Better brain health starts with you. Our six pillars of brain health show food and nutrition have an important impact on the future health of your brain. Why? Because as you age, your brain becomes exposed to oxidative stress – when damaging free radicals outnumber the body’s defenses causing damage to blood vessels. By eating foods high in antioxidants, like the yellow spice turmeric, and healthy fats like olive oil (most commonly found in the Mediterranean diet) you potentially have the power to prevent oxidative stress, boost brain health, and improve your overall health. Read on for one of our healthy brains recipes.

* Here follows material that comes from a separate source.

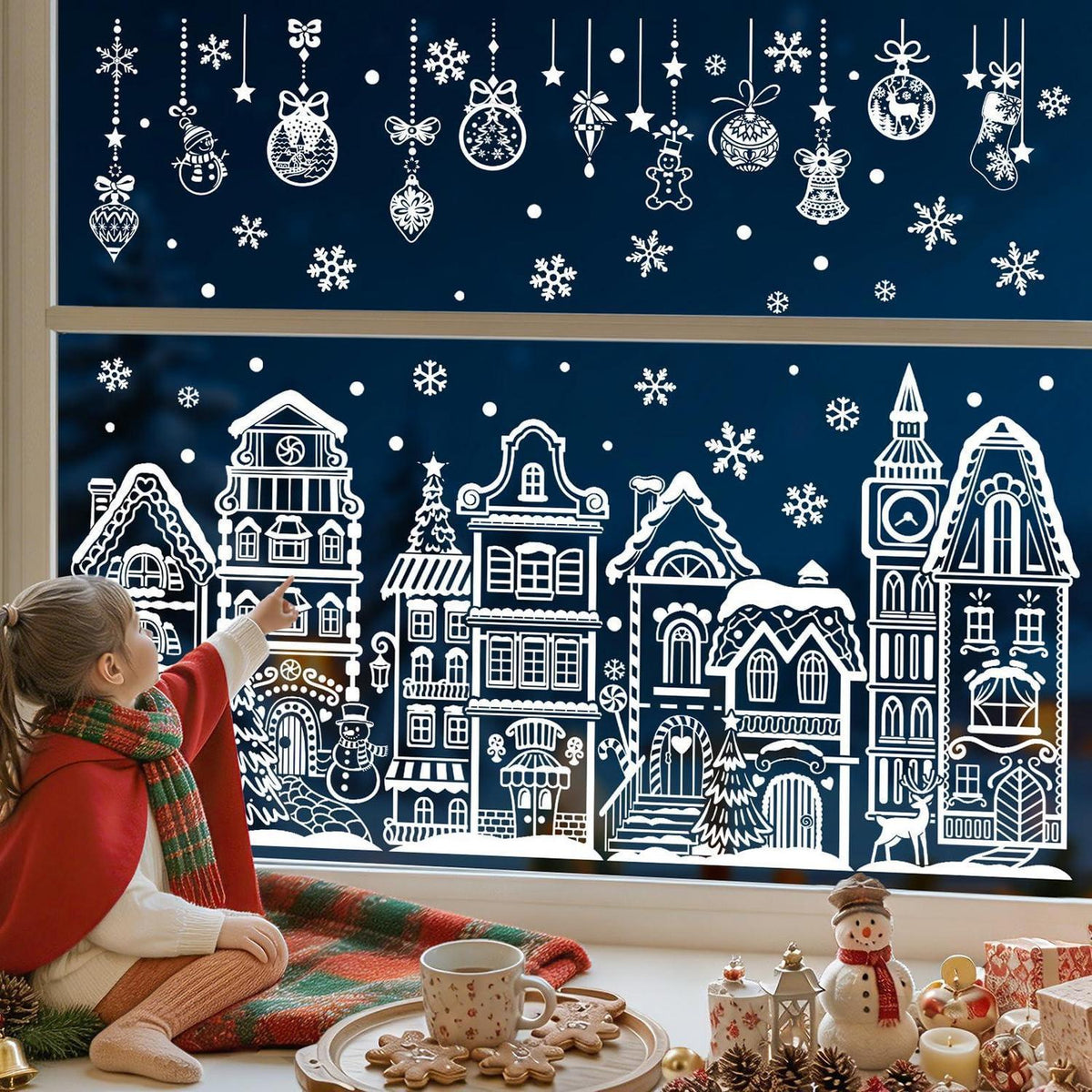 Fenstersticker Weihnachten Häuser Schneeflocken weiß wiederverwendbar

Cauliflower Gold Recipe by Jim Perko and Cleveland Clinic’s Lifestyle Medicine Program
- 1 cauliflower, cut into small florets
- 4 tablespoons extra virgin olive oil
- 1 teaspoon ground cumin
- ½ teaspoon chili powder
- ½ teaspoon turmeric
- 1 tablespoon garam masala (an Indian spice blend containing black pepper, cinnamon, red chili, cumin, cardamom, cloves and nutmeg)
- Pinch of cayenne pepper
- 1 ½ cups vegetable stock
- 3 tablespoons tomato paste
- ½ cup toasted and ground almonds
- Lightly brown cauliflower in frying pan with olive oil. Stir frequently (15 to 20 minutes).
- Remove cauliflower from frying pan.
- Add all spices to hot pan. Toast for about 30 seconds.
- Add vegetable stock to prevent burning spices.
- Add tomato paste and mix all ingredients well.
- Add back in cauliflower to frying pan.
- Saute for two minutes. Add ground almonds, mix, and serve.
Yields 8 servings
Half a cup of this brain healthy dish contains:
- 132 calories
- 3.4g of protein
- 8.6g of total carbohydrates
- 3g of fiber
- 0mg cholesterol
- 10.1g total fat
- 221mg of sodium
Want to begin a Mediterranean-style diet? Start by eating more fish like salmon, cod, tuna and halibut, limit your red meat consumption, and consuming plenty of leafy greens and a variety of other vegetables. Healthy fats found in olives, nuts, and olive oil help keep you gratified and your brain healthier. Fruits like blueberries, blackberries and raspberries are loaded with antioxidants, but make sure you have a variety of other fruits, too. Spice it up with turmeric, saffron, garlic and cinnamon. Collectively, the Mediterranean diet has been shown through research to maintain brain health as we age, staving off diseases like Alzheimer’s.